改善例② 声の出し方:「一番遠くにいる人に届ける」意識

小さな声になってしまうのは、意識が自分の口元に集中しているからです。
そうではなく、一番遠くにいる人の「耳」に、自分の言葉を届けるイメージで話してみてください。


そして、まだ慣れずに緊張しているなら先述の通り、人の目を意識しないようにしましょう。
もちろん、『人と話すときは目を見て話せ』なんてよく言われますよね、
やりたい人・できる人 はやればより良いですが、そもそも緊張して話せなくなっては元も子もありません


そして、無理に大声を出して叫べとは言いません。熱く語って理論固めする演説でもないので、
まずは自分の声を届けるように意識することで自然と声が前に出て、聞き取りやすくなります。

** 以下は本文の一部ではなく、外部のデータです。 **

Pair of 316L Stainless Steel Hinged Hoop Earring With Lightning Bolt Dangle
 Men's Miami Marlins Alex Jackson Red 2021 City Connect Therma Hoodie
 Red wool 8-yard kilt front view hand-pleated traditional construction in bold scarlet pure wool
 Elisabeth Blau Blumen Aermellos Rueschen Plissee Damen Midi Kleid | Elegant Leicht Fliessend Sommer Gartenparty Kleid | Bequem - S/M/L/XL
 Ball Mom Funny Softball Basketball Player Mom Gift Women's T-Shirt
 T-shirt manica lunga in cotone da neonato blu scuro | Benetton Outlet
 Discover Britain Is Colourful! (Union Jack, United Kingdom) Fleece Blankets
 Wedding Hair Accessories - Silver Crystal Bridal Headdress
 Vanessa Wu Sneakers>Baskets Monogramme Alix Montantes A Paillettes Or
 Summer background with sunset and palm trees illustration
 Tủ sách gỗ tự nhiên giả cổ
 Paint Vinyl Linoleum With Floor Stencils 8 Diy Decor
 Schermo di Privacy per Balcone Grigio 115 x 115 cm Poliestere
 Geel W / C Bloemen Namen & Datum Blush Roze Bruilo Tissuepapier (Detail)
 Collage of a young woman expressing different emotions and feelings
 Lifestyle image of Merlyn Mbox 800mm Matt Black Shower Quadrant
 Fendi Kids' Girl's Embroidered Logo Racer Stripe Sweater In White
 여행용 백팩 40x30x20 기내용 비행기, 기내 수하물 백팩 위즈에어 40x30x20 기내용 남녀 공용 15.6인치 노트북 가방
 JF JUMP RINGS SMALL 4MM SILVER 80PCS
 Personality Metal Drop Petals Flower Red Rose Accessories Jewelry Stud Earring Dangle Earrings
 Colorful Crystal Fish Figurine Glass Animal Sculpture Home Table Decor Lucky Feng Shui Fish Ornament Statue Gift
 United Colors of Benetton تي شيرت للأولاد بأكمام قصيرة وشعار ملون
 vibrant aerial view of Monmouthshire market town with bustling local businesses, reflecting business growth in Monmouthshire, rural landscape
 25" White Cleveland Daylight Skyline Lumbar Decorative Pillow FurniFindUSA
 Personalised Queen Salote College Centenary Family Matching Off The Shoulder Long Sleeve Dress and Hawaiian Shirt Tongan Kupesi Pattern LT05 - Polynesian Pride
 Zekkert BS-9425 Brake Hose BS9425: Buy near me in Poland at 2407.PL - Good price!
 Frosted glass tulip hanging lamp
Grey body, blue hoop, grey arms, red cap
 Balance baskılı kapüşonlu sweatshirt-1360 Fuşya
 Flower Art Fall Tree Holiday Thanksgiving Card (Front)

③話す内容を決めておく「自分だけの型(テンプレート)」

緊張するのは、「何を話すか」が決まっていないからです。

朝礼前に担当の監督と話し、作業内容を確認して話す内容を決めておきましょう。
自分の中で定番の流れを決めておくとより効果的です。

【よくある発表の基本テンプレート】             

例【挨拶⇒会社名⇒作業内容⇒人数⇒安全注意事項⇒締めの挨拶】

私の朝礼の発言例👇

おはようございます!〇〇工業!
本日の作業内容は主に3階B工区でSD開口の躯体調整、ほか各所斫り作業!
人員1名。
安全注意事項は上部作業時、立ち馬を使用しますので足元確認して水平設置・適正使用で作業します。
本日もよろしくお願いします。(元気よく!)

👆ここまで言えれば印象は問題なし!

それどころか、監督からも周りの職人からも、具体的に『ここで作業するんだな』と言うことが伝わり良い評価を得られます。

特に大事にしたい朝礼の発表内容!

💡本日の作業内容

複数個所で作業指示されている場合、『各所斫り』で一括りにしたい気持ちもわかりますが、
特にメイン作業を一つ決めて具体的なエリアと内容を発表すると、
後述する他業者との作業エリア干渉トラブル回避にもなるのでオススメです。



💡安全注意事項

私たち斫り屋で言うと、よく発表で聞くのが『保護具着用で作業します』

👆これ、安全意識の高い現場では保護具を着用するのは当たり前だろ指摘される可能性もあるのです。

理想は、メインの作業内容に関連する安全注意事項を具体的に述べるとわかりやすくてオススメです。

例えば今回の例は『SD開口の躯体調整』をメインに挙げているので脚立や立ち馬を使用します。

注意事項もそれに合わせて『上部斫り作業時、立ち馬を使用しますので~…』と伝えると具体性も出て安全を意識した発表になります。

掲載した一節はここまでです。